I have a text classification problem where the input has 2 features: a text and a language:
the text is a string variable. the language is a string variable that has the following values: “EN”, “FR”, “DE”, etc. and the output is an imbalanced categorical variable.
As a regular NLP problem, the text feature was tokenized using Keras tokenizer and then padded:
from keras.preprocessing.text import Tokenizer
from tensorflow.keras.preprocessing.sequence import pad_sequences
tokenizer = Tokenizer()
tokenizer.fit_on_texts(X_train_text)
X_train_sequences = tokenizer.texts_to_sequences(X_train_text)
X_test_sequences = tokenizer.texts_to_sequences(X_test_text)
X_train_padded = pad_sequences(X_train_sequences, maxlen=max_len, padding='post')
X_test_padded = pad_sequences(X_test_sequences, maxlen=max_len, padding='post')
while the language variable was encoded using one-hot encoding:
from sklearn.preprocessing import LabelEncoder, OneHotEncoder
language_encoder = OneHotEncoder(handle_unknown="infrequent_if_exist")
X_train_lang_encoded = market_encoder.fit_transform(X_train_lang.values.reshape(-1, 1))
X_test_lang_encoded = market_encoder.transform(X_test_lang.values.reshape(-1, 1))
My target classes are not balanced so I performed oversampling using SMOTE:
from imblearn.over_sampling import SMOTE
oversampler = SMOTE(random_state=seed, k_neighbors=3)
X_train_resampled, y_train_resampled = oversampler.fit_resample(X_train_padded, y_train)
And then I built my NN model as the following:
from tensorflow.keras.layers import Dense, LSTM, Embedding, Input, Dropout, Conv1D, MaxPooling1D, Flatten, GlobalMaxPooling1D, SimpleRNN, Bidirectional, Concatenate
from tensorflow.keras.losses import SparseCategoricalCrossentropy
from tensorflow.keras.metrics import SparseCategoricalAccuracy
from tensorflow.keras.models import Model
from tensorflow.keras.optimizers import Adam
input_text = Input(shape=(max_len,), dtype="int32", name="input_text")
embedding = Embedding(input_dim=vocab_size, output_dim=128, input_length=max_len)(input_text)
lstm = Bidirectional(LSTM(64, return_sequences=False))(embedding)
dropout = Dropout(0.5)(lstm)
input_market = Input(shape=(X_train_lang_encoded.shape[1],), dtype='float32', name='input_market')
concat = Concatenate()([dropout, input_market])
output = Dense(len(label_encoder.classes_), activation="softmax")(concat)

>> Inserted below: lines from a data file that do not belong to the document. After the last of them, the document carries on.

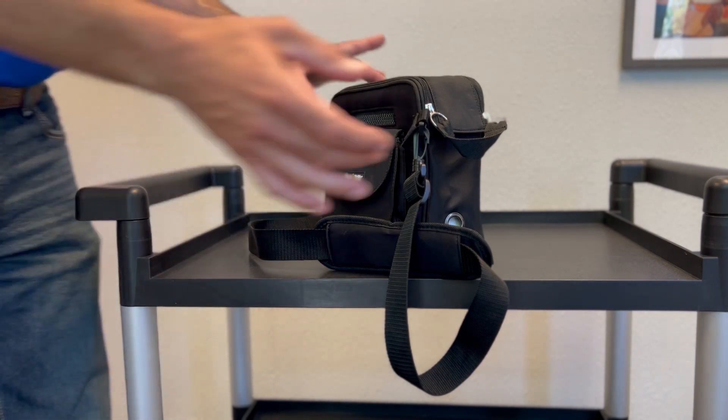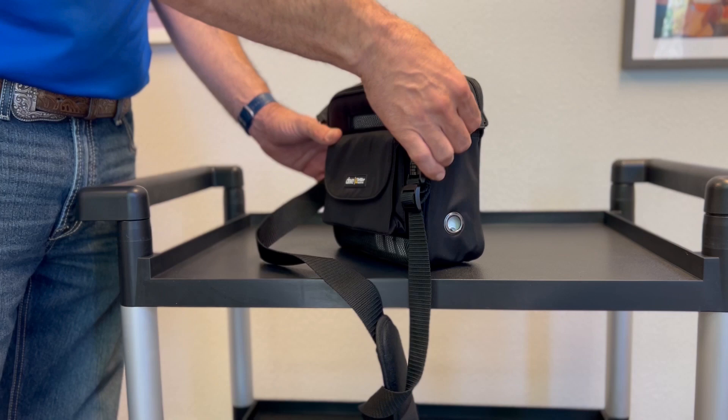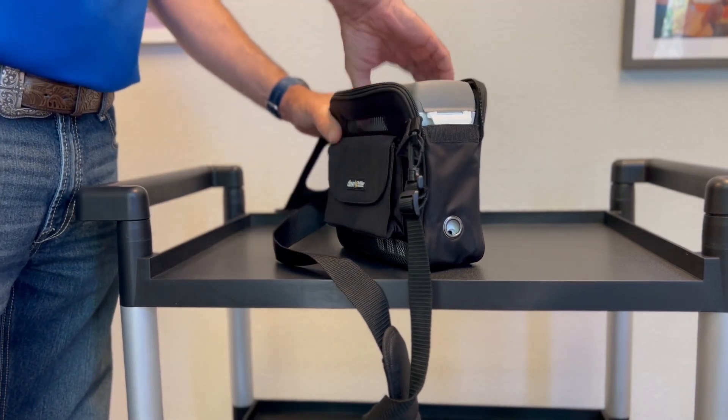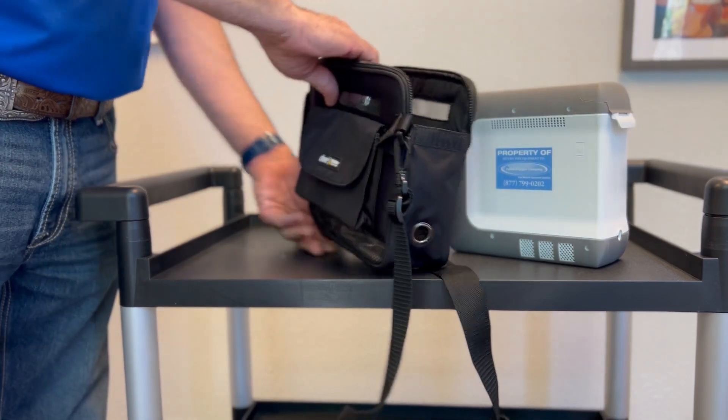To remove the carry case, grab the little strap, unzip it, pull that back, and pull the machine out.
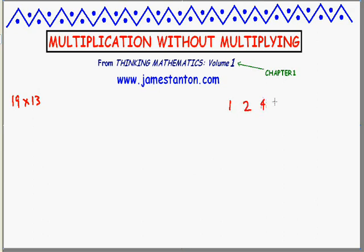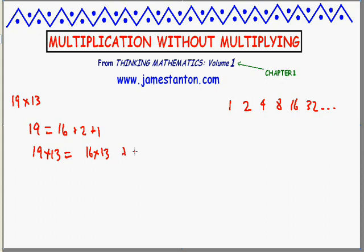Obviously we're halving and doubling, so the powers of two — 1, 2, 4, 8, 16, 32 and so on — are going to take a key role in this puzzle. Let's look at 19: it's a combination of these numbers, specifically 16 plus 2 plus 1. So when I compute 19 times 13, what I'm really doing is 16 times 13, plus 2 times 13, plus 1 times 13. That is, I want to keep the number 13, keep the double of 13, and keep the double-double-double-double of 13, and add those three results together.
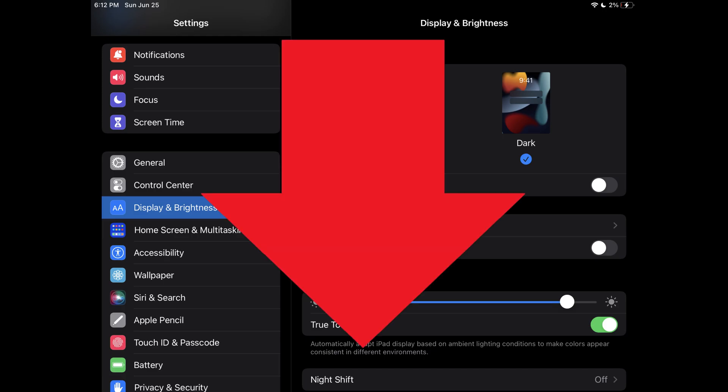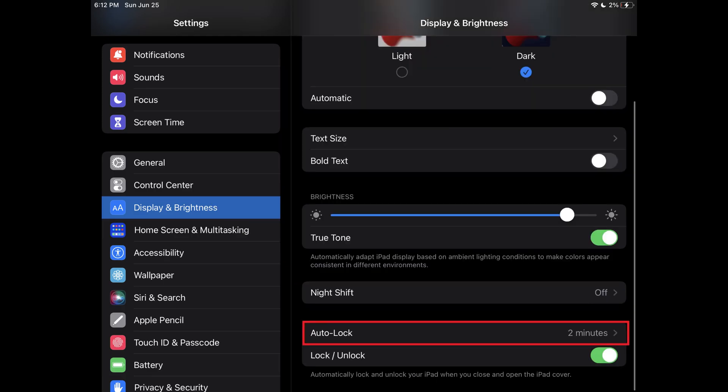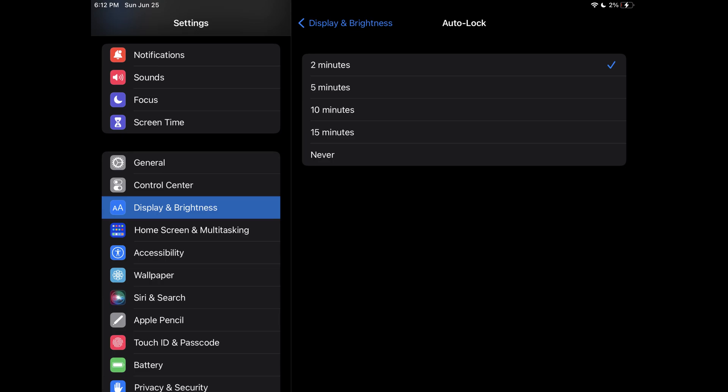Step 2. Scroll down this menu and then tap Auto Lock. The Auto Lock screen is displayed. Step 3. Tap to place a check mark next to Never.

model = Model(inputs=[input_text, input_market], outputs=output)
optimizer = Adam(learning_rate=1e-3)
loss = SparseCategoricalCrossentropy(from_logits=False)
metric = SparseCategoricalAccuracy("accuracy")
model.compile(optimizer=optimizer, loss=loss, metrics=[metric])
history = model.fit(
[X_train_resampled, X_lang_encoded], y_train,
validation_data=([X_test_padded, X_test_lang_encoded], y_test),
epochs=10,
batch_size=16
)
However, the concatenation between the resampled text data and the encoded language data failed.
The following solutions were suggested by ChatGPT but they didn’t work:
1- oversample the language feature to match the resampled text data:
X_train_lang_resampled = np.repeat(X_train_lang_encoded, smote.sample_indices_.shape[0]
X_train_lang_encoded.shape[0], axis=0)
which gave this error:
‘SMOTE’ object has no attribute ‘sample_indices_’
2- combine text and language and pass them to SMOTE together then resplit them:
X_train_combined = np.hstack((X_train_padded, X_train_lang_encoded))
X_train_resampled_combined, y_train_resampled = smote.fit_resample(X_train_combined, y_train)
X_train_resampled = X_train_resampled_combined[:, :max_len]
X_train_lang_resampled = X_train_resampled_combined[:, max_len:]
which gives this error:
all the input arrays must have same number of dimensions, but the array at index 0 has 2 dimension(s) and the array at index 1 has 1 dimension(s)
Can you please help me solve the issue so I can pass both the resampled text and the language as 2 inputs to my NN model?